#### Available records:
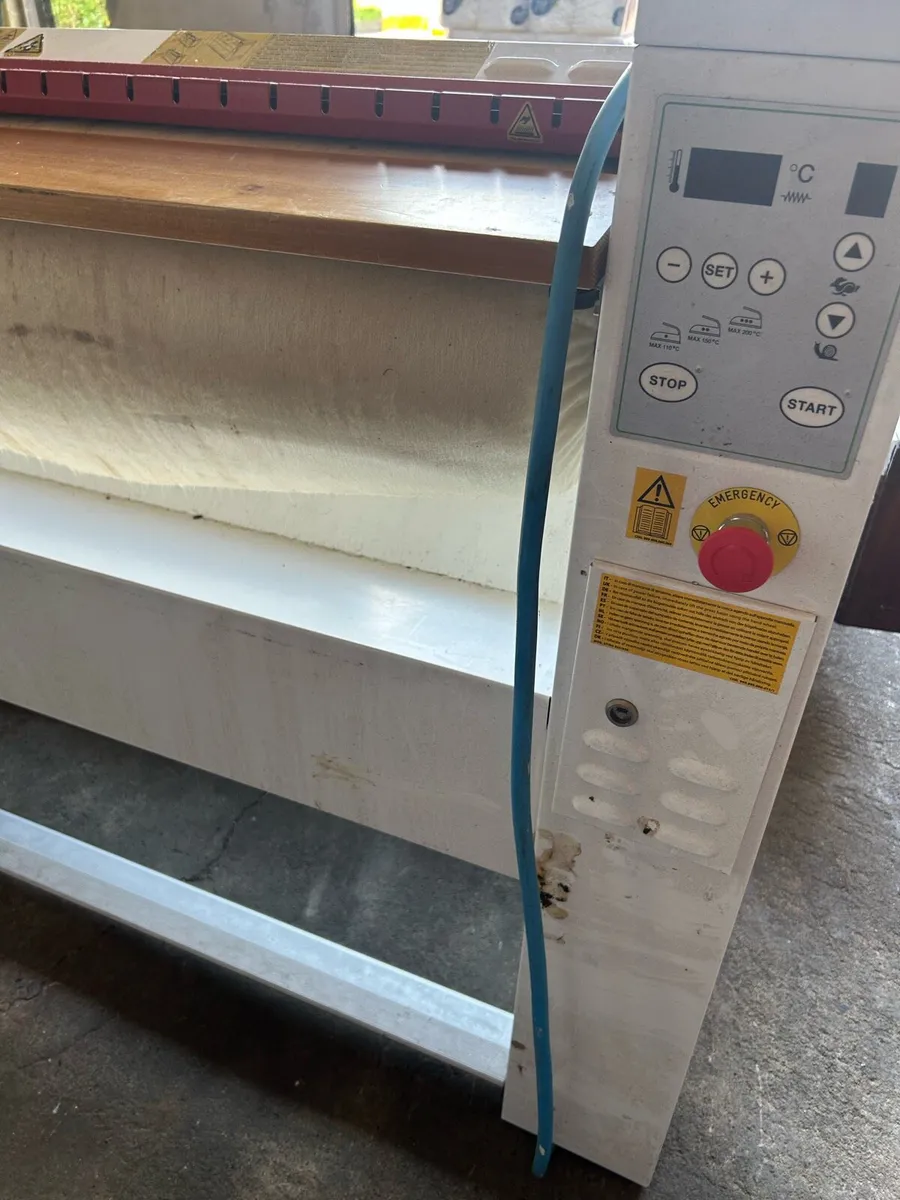 HOT PRESS ROLLER IRON 6 FEET LARGE - Image 2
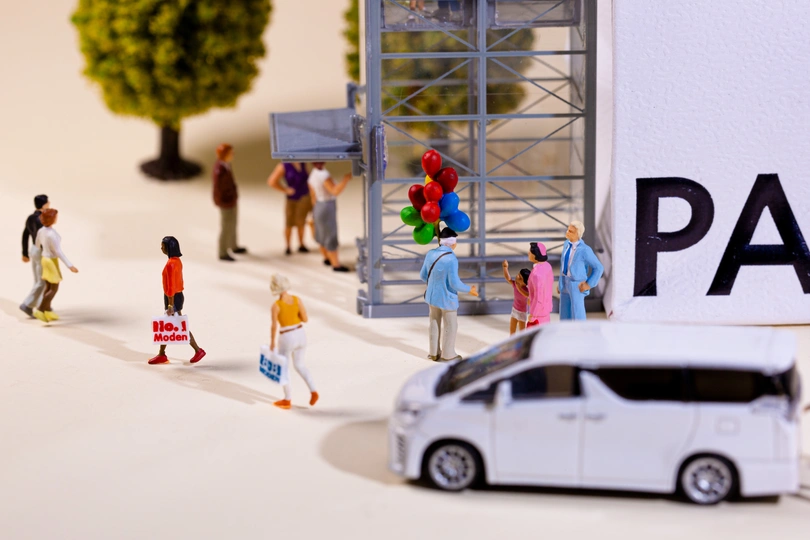 人物figurines 一辆白色汽车和一块标志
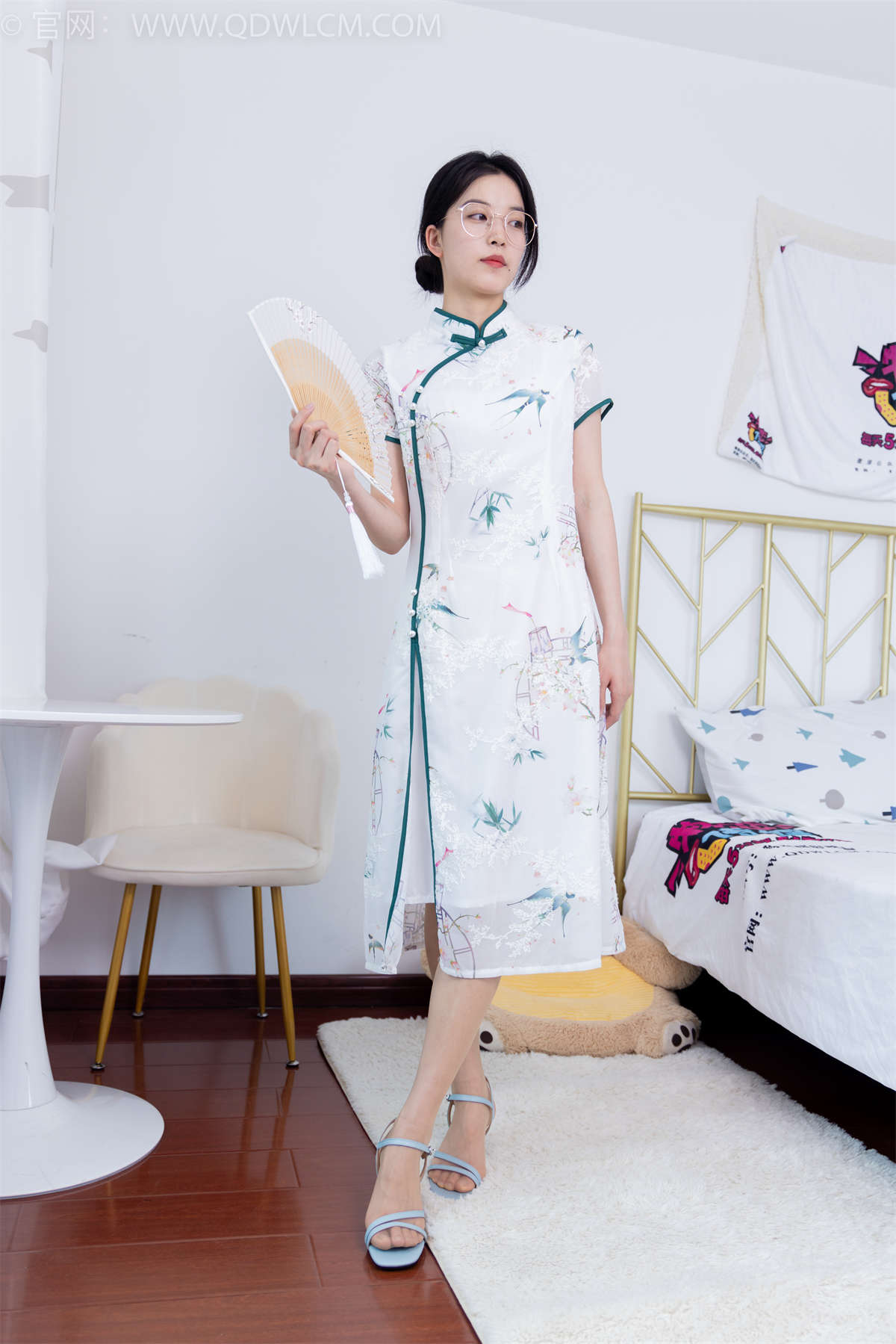 物恋传媒 NO.1678 茯苓-黄昏里渐暗-日更街拍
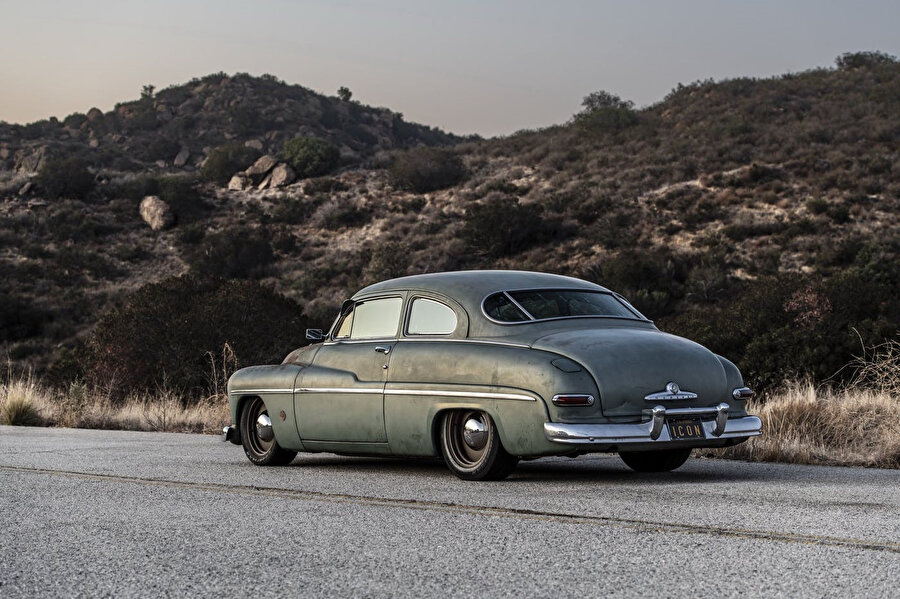 Mercury Coupe'nin yol üzerindeki ihtişamı da ilgi çekici. 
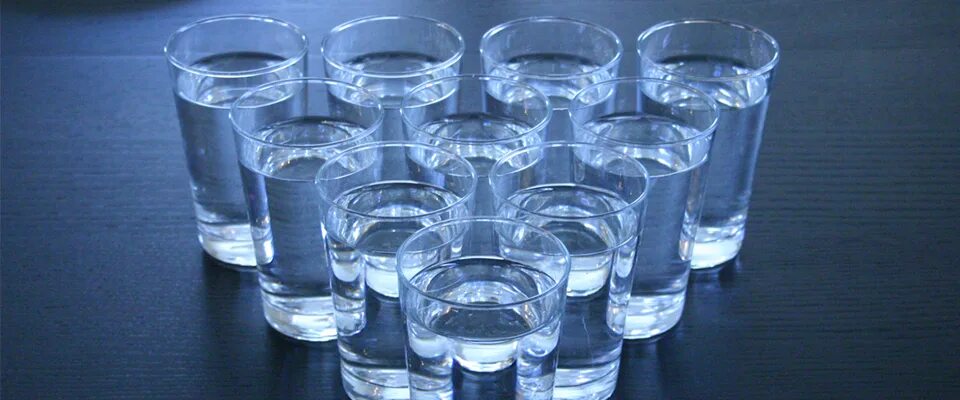 В банку входит 10 стаканов воды. 10 Стаканов воды. 10 Стаканов. 10 Стаканов чистой воды. Вода в Турции в стаканчиках.
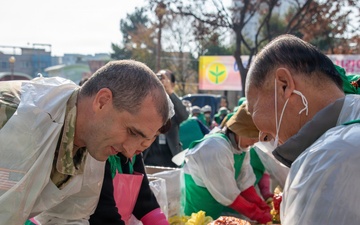 MSC-K Leaders Participate in Kimchi-Making Volunteer Event.
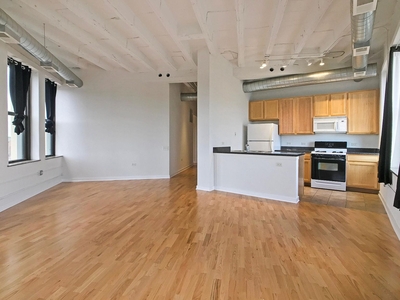 4015 N Milwaukee Ave #3, Chicago, IL 60641
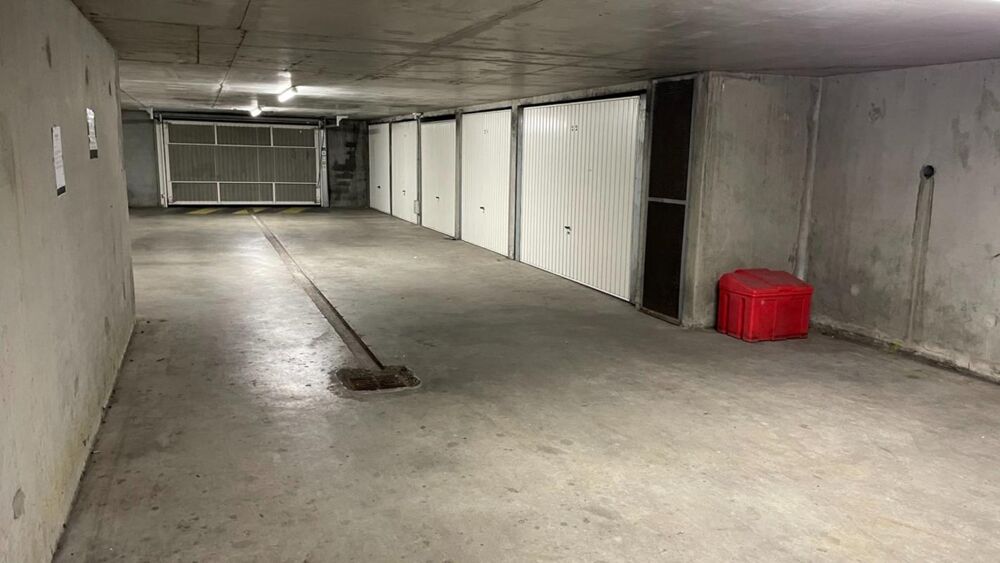 Vente Parking/Garage A vendre garage en sous-sol - Rue Camille Desmoulins Lyon 7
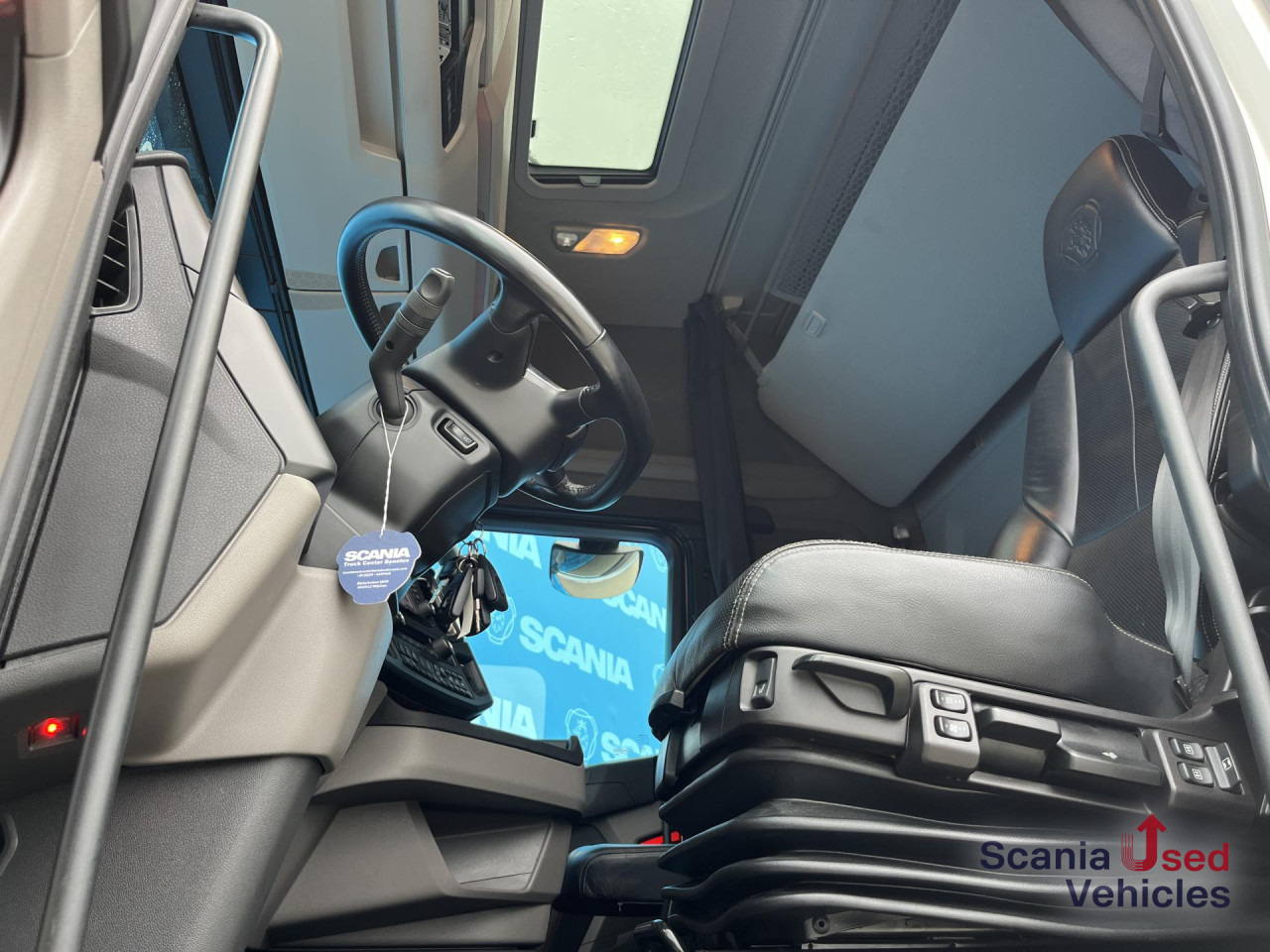 SCANIA S 590 A4x2NA V8 RETARDER DIFF-L 8T NAVI LED ALCOA - Влекач: снимка 4 SCANIA S 590 A4x2NA V8 RETARDER DIFF-L 8T NAVI LED ALCOA - Влекач: снимка 4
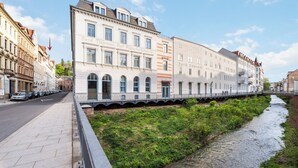 Eine Reihe historischer Gebäude mit einem Fluss daneben.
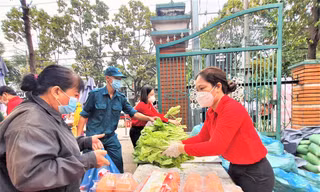 Bình Dương tổ chức ‘Chợ 0 đồng’ giúp người khó khăn vượt bão giá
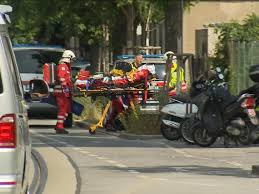 Unul dintre cei doi elevi români răniţi în atacul din Austria a fost operat de urgenţă. El fusese împuşcat în braţ, în picior şi de două ori în cap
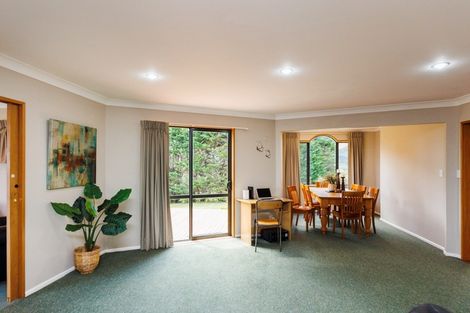 Photo of property in 80 Ngahere Park Road, Turitea, Palmerston North, 4472
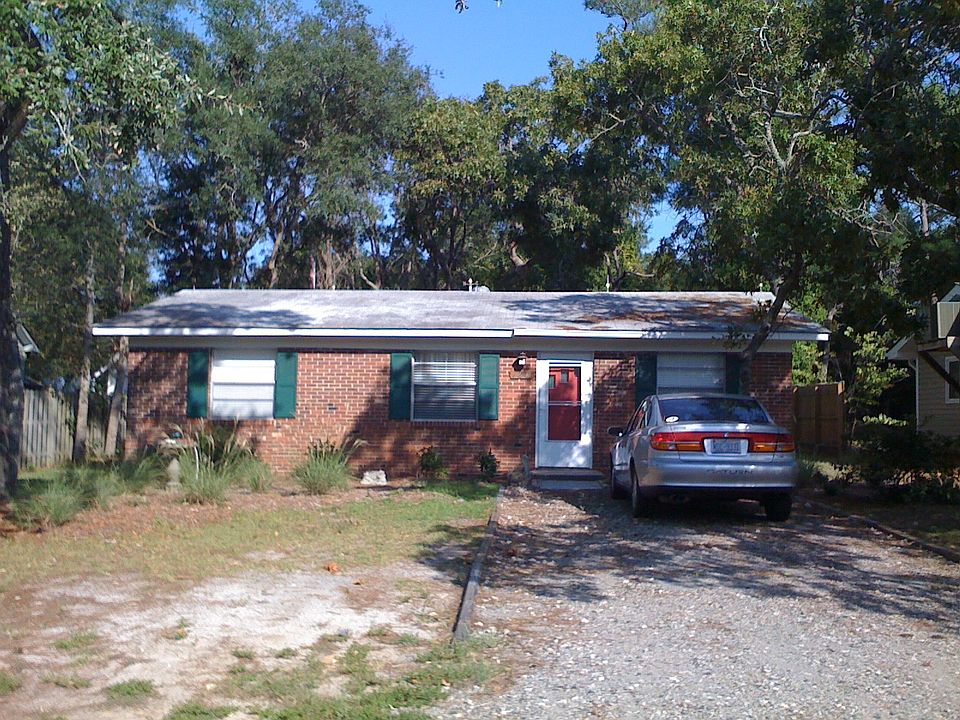 120 NE 34th St. Oak Island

#### What needs to be done:
Starting at the line that contains "Bình Dương tổ", return every line through the end of the records above exactly as written, and return no pictures.

#### Result:
 Bình Dương tổ chức ‘Chợ 0 đồng’ giúp người khó khăn vượt bão giá
 Unul dintre cei doi elevi români răniţi în atacul din Austria a fost operat de urgenţă. El fusese împuşcat în braţ, în picior şi de două ori în cap
 Photo of property in 80 Ngahere Park Road, Turitea, Palmerston North, 4472
 120 NE 34th St. Oak Island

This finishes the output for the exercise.